**Dataset records:**
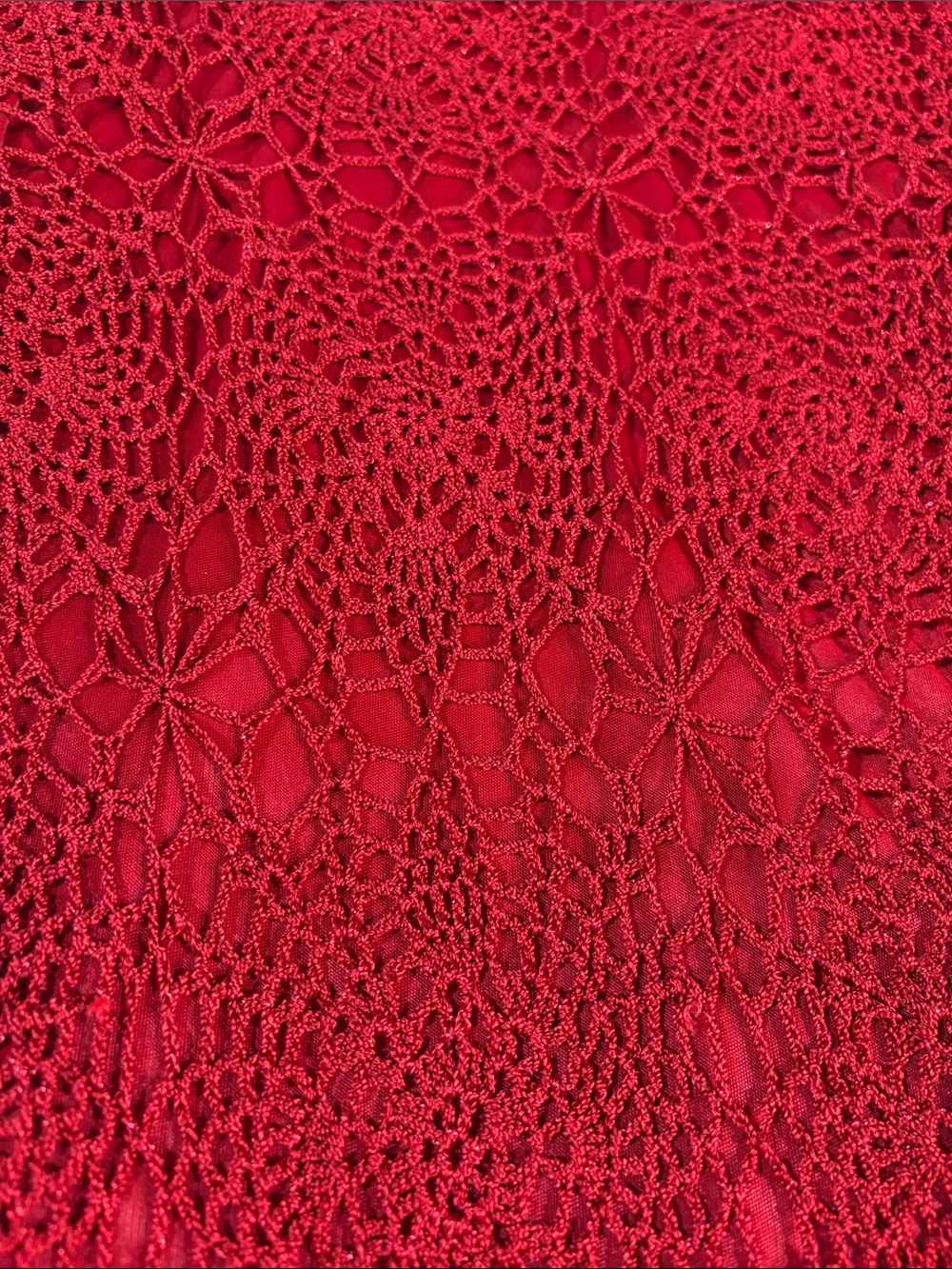 Dress barn Women’s Crochet Top - Red sparkly Medium - Picture 13 of 13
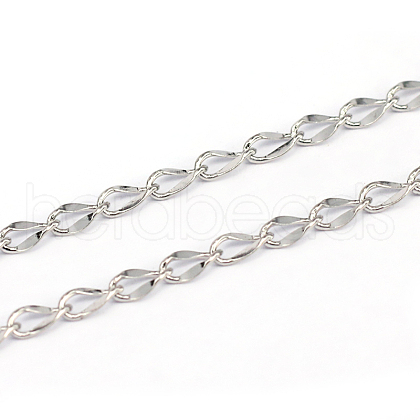 304 Stainless Steel Curb Chains CHS-L001-56-0.5mm-A-1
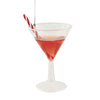 (52673) Holiday Ornament Candy Cane Martin, 5.50 Inch, Christmas Party Drink Go8389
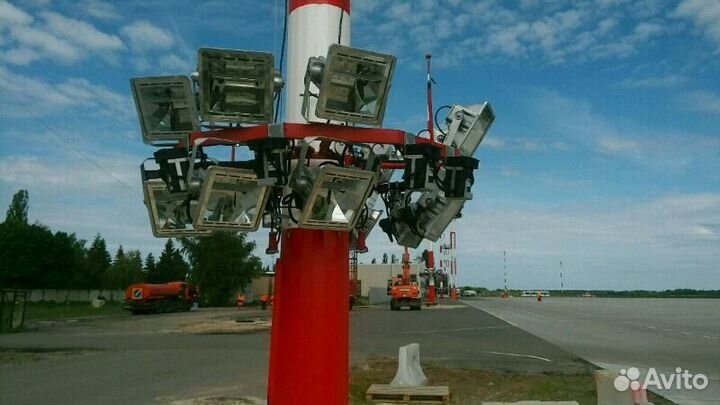 Монтаж высокомачтовых опор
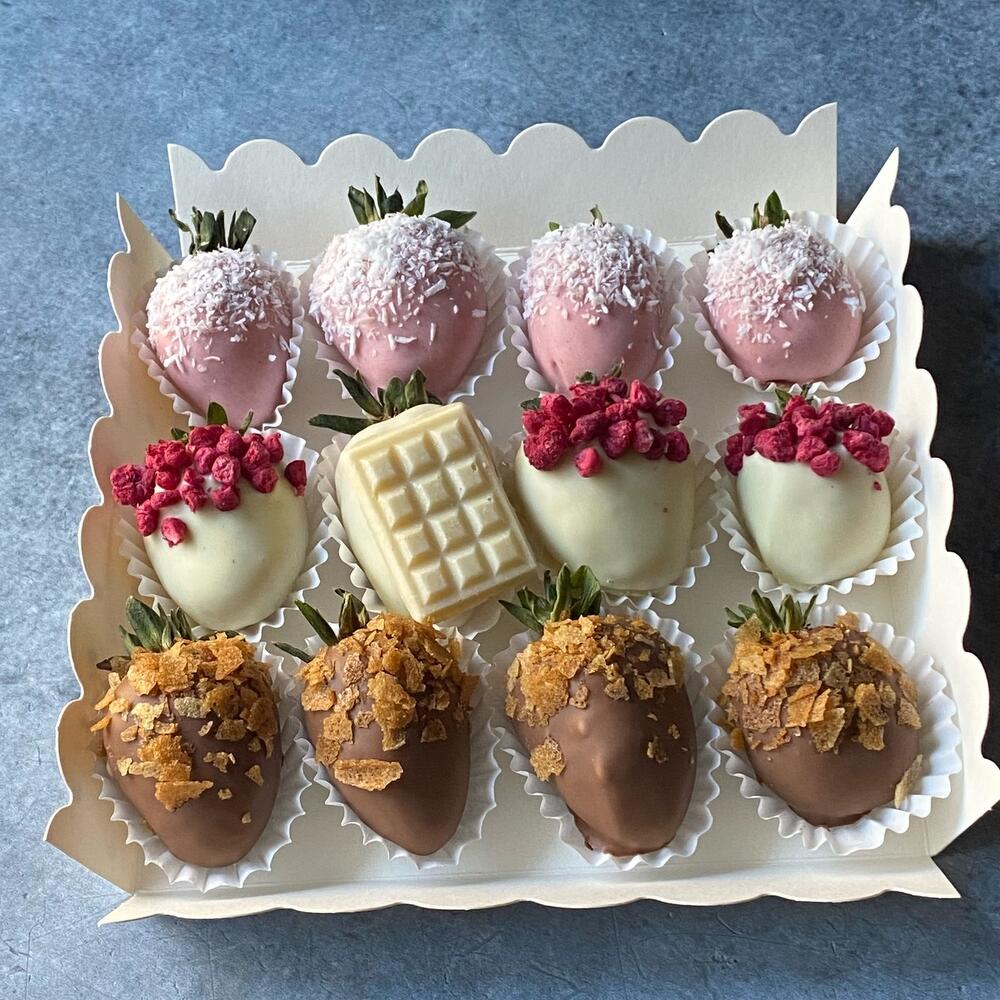 Отборная Клубника в шоколаде подарок (9-12🍓) — фото 3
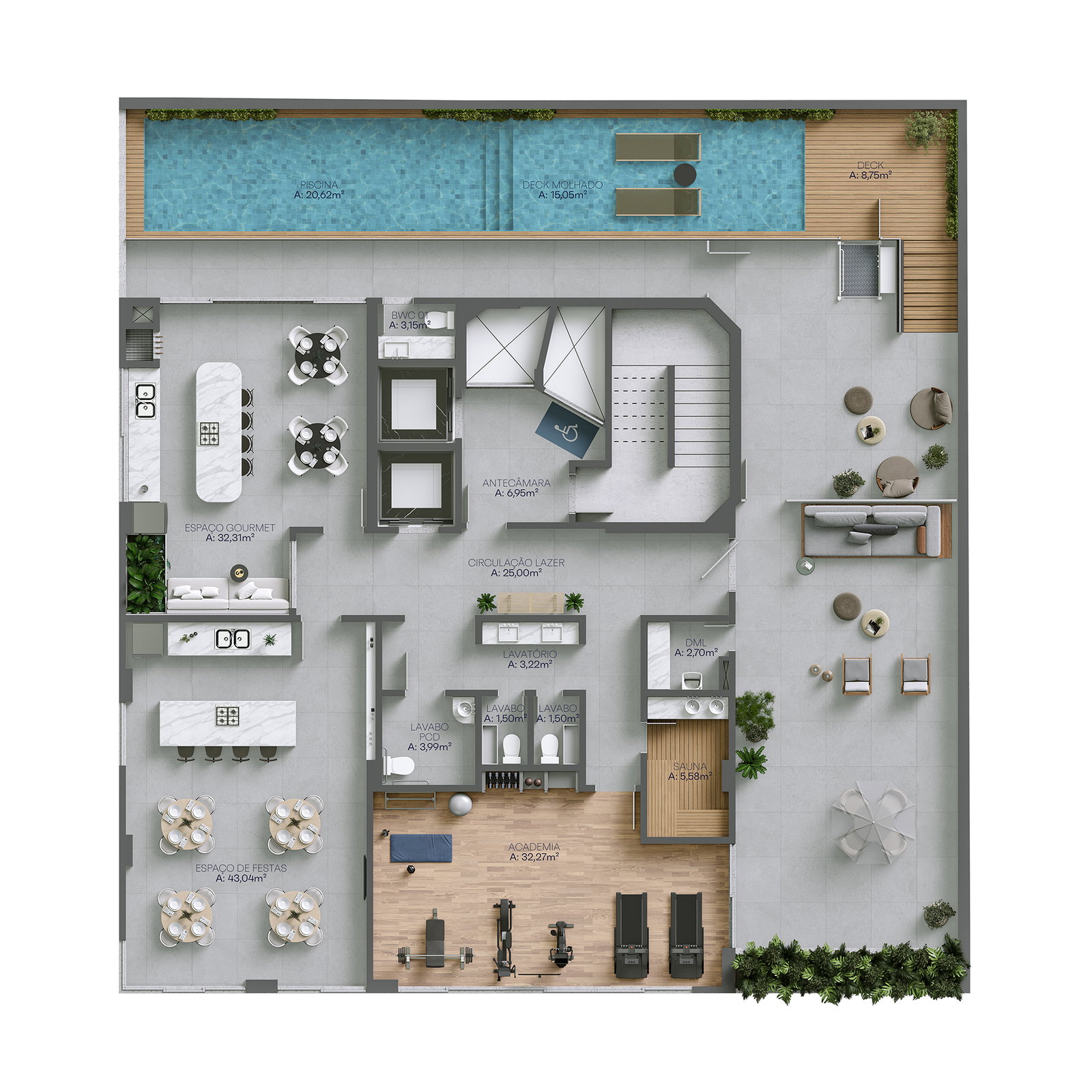 Planta 2 de Aquabella Residence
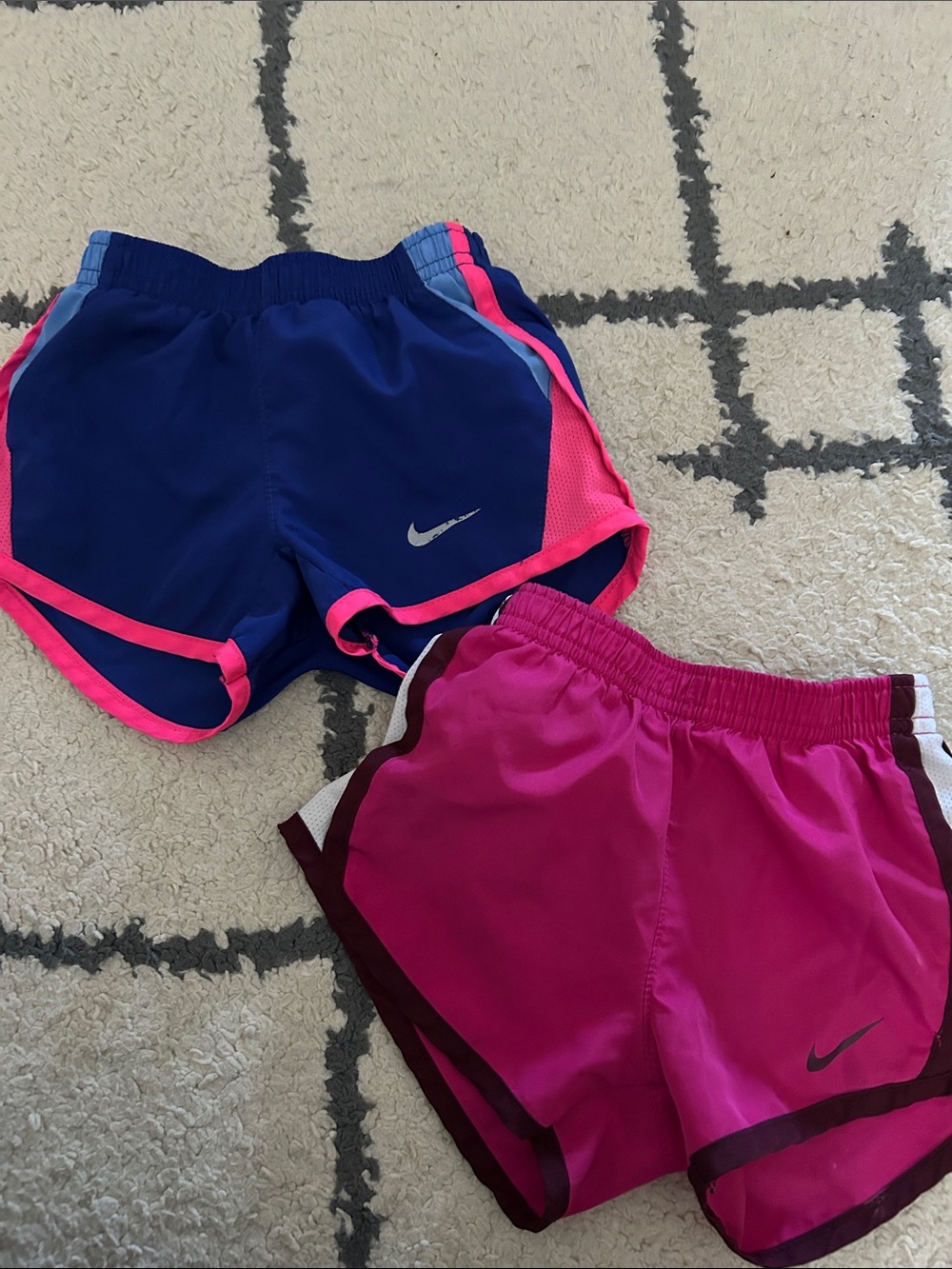 Nike Kids Athletic Dri-Fit Shorts Bundle - Blue & Hot Pink Size 2T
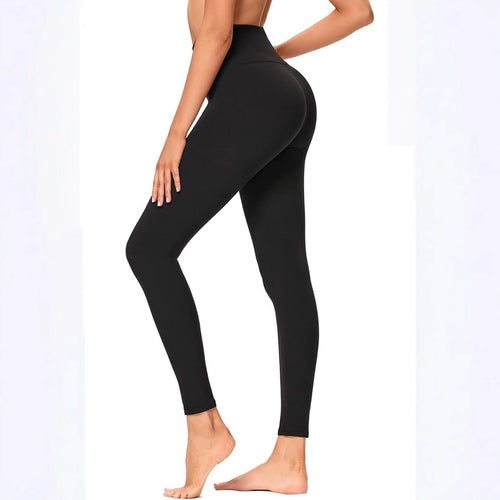Damen Hochtaillierte Sportleggings EB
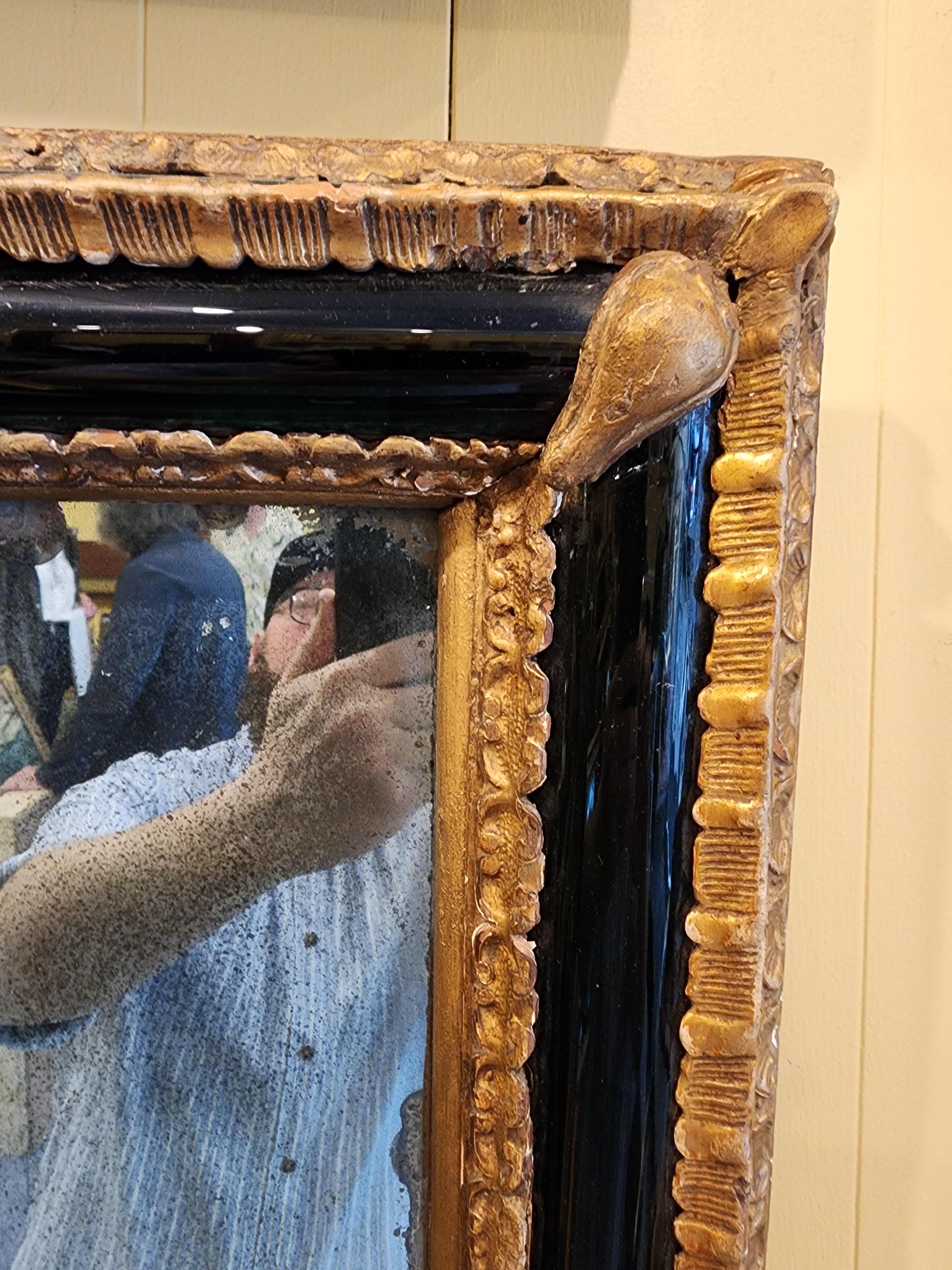 Miroir rococo du 18ème siècle en verre et gesso doré Irlande vers 1740 en vente 4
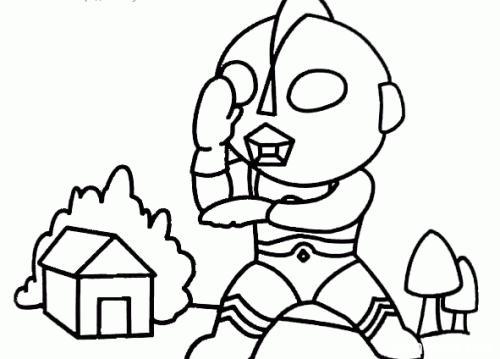 幼儿简笔画画奥特曼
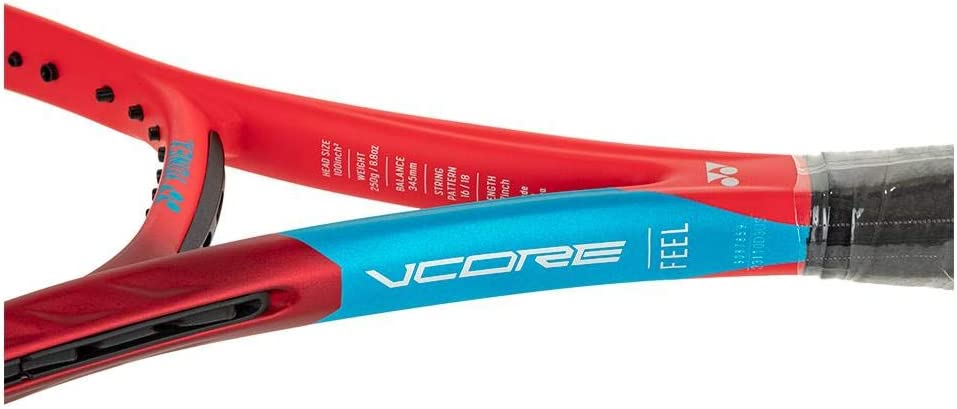 Yonex VCORE Feel Tennis Racquet, Tango Red, Grip 4 1/8" - Image 5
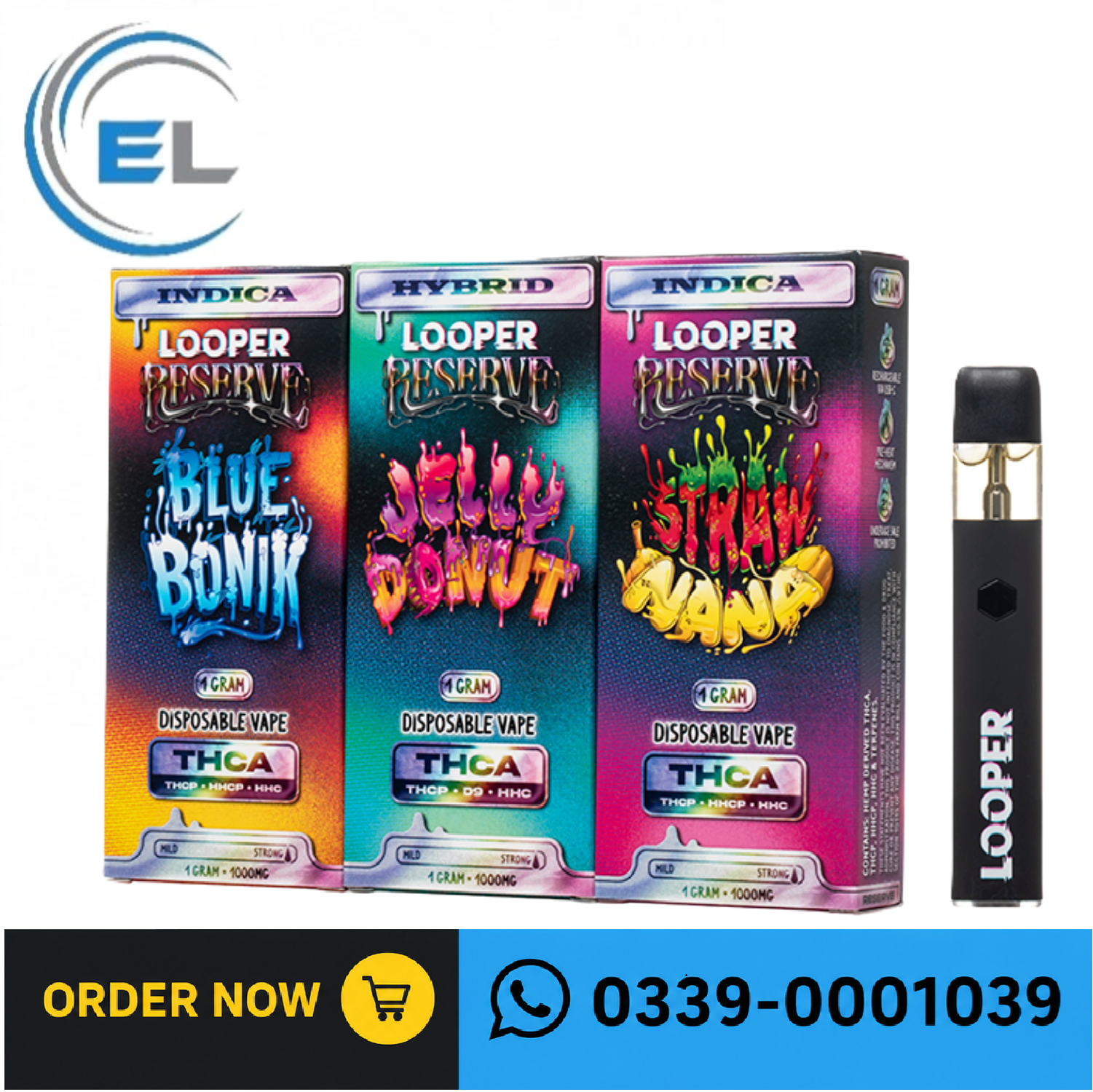 Looper Reserve THC-A Disposable 1G In Pakistan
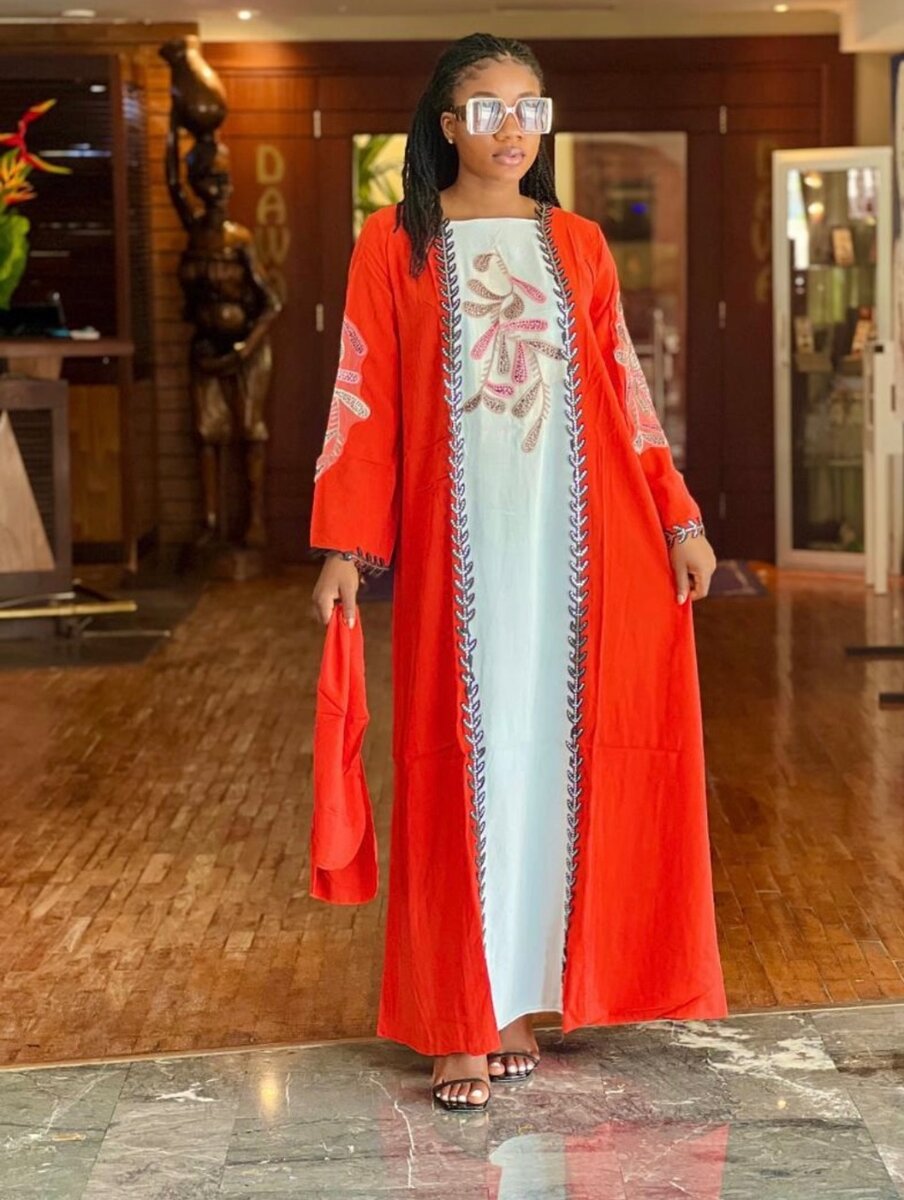 Abaya deux pièces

**Assignment:** The lines needed are those from the one containing "Damen Hochtaillierte Sportleggings EB" through the end of the listing, given again word for word and without any picture.

**Task result:**
Damen Hochtaillierte Sportleggings EB
 Miroir rococo du 18ème siècle en verre et gesso doré Irlande vers 1740 en vente 4
 幼儿简笔画画奥特曼
 Yonex VCORE Feel Tennis Racquet, Tango Red, Grip 4 1/8" - Image 5
 Looper Reserve THC-A Disposable 1G In Pakistan
 Abaya deux pièces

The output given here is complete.